University To Create Online Exhibit On Branch Davidian Siege

San Marcos, USA — The Wittliff Collections at San Marcos Texas State University in San Marcos has received a $20,000 grant to create an online exhibit about the 1993 shootout and standoff at the Branch Davidian compound outside of Waco.

The grant was awarded by the federal Institute of Museum and Library Services through the Texas State Library and Archives Commission’s TexTreasures grant program, the university said.

The exhibit will be created based on the primary source materials journalist Dick J. Reavis, collected while writing “The Ashes of Waco,” which was published in 1995.

Reavis donated his papers to the Wittliff’s Southwestern Writers Collection and his archive opened for research in 2006, the university said.

Among the items that will be made available are recordings of negotiations between the Branch Davidians and FBI agents, videos recorded by the federal government during the siege, Branch Davidian Bible studies dating back to the 1970s and correspondence between Reavis and surviving Branch Davidians.

The standoff at Mount Carmel started on Feb. 28, 1993 after Bureau of Alcohol Tobacco and Firearms agents launched a massive raid on the compound that left four agents and six Davidians dead.

The shootout stunned the ATF and the FBI moved quickly to take over operations.

It was in charge during the 51-day standoff that captured the attention of the world.

At one point, there were as many as 1,000 media representatives assembled along a rural McLennan County Farm to Market Road in an area that became known as Satellite City.

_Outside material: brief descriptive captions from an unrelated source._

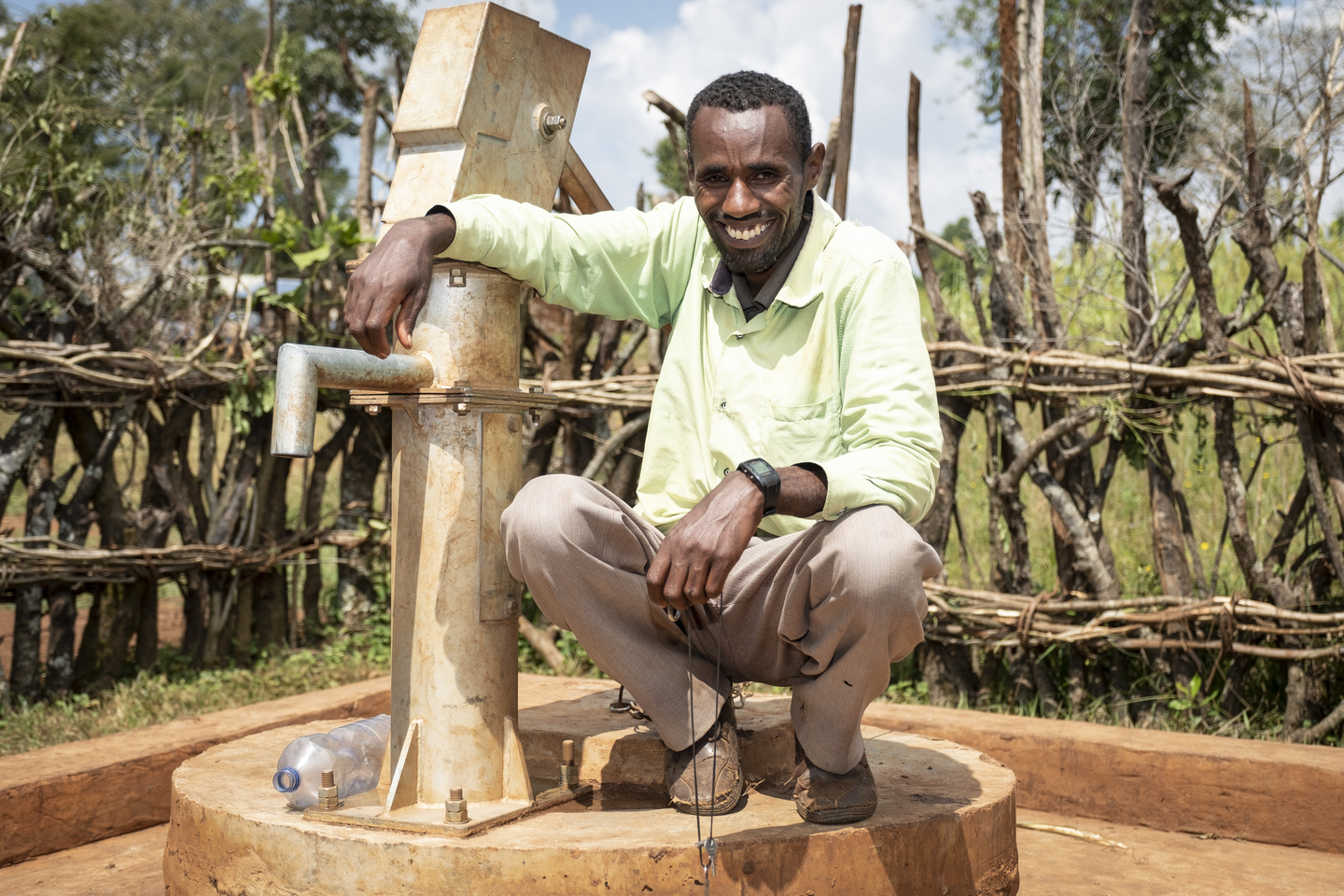 Dhabasa Fite, der Brunnenwächter kniet neben dem Brunnen mit einem Arm locker über die Handpumpe gelegt.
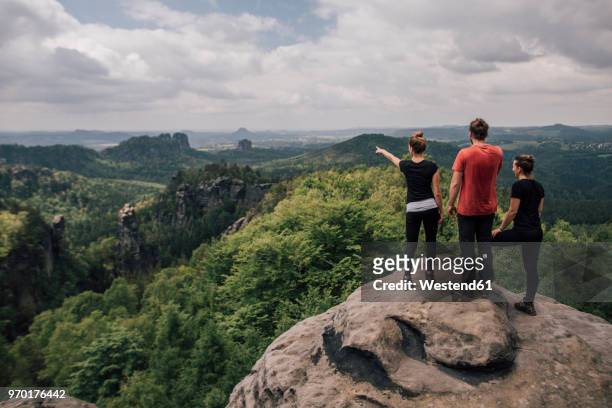 germany, saxony, elbe sandstone mountains, friends on a hiking trip standing on rock - vinden stockfoto's en -beelden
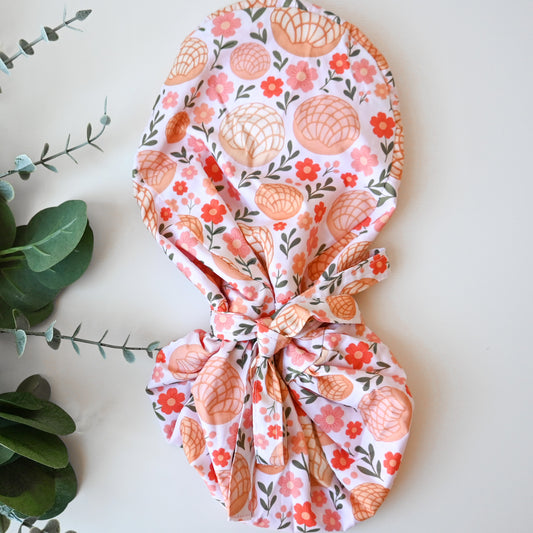 CONCHAS WITH FLOWERS SATIN LINED PONYTAIL SCRUB CAP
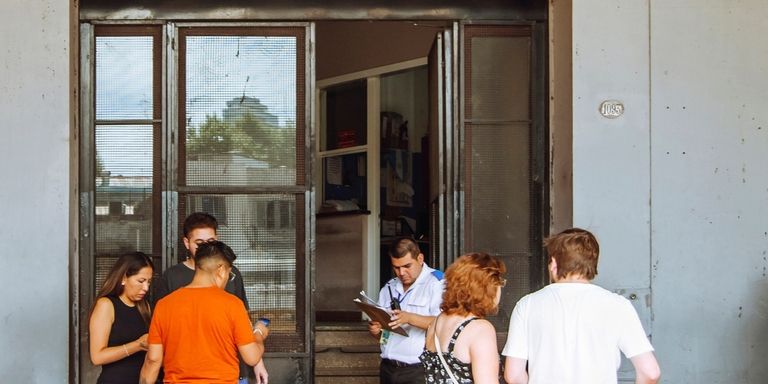 a group of people standing outside a building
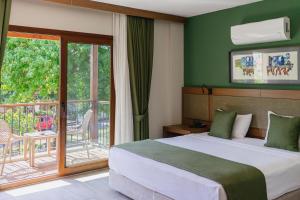 a bedroom with a bed and a balcony at WEST HOUSE EXCLUSIVE HOTEL in Göcek +112 photos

Analysts later said the intense media scrutiny of the government's handling of the standoff may have contributed to the FBI’s decision to use tear gas in an attempt to break the impasse.

FBI agents in armored vehicles pumped tear gas into the compound in an assault that began early in the morning on April 19, 1993.

Just after noon, fingers of flame began to shoot from one end of the compound.

A strong wind fanned the flames, which quickly engulfed the poorly constructed wood frame building.

As many as 80 died in the fire, including women and children.

Officials later admitted that pyrotechnic teargas devices were also used in the assault, but the government continues to maintain that the Davidians set the fire themselves.

Critics, however, include the producers of an Academy Award-nominated Documentary, 'Waco:the Rules of Engagement," challenge the official account.

Eleven surviving Branch Davidians were later tried in federal court in the deaths of the four ATF agents who died in the raid.

All were acquitted of murder, but four were convicted of the lesser offense of voluntary manslaughter.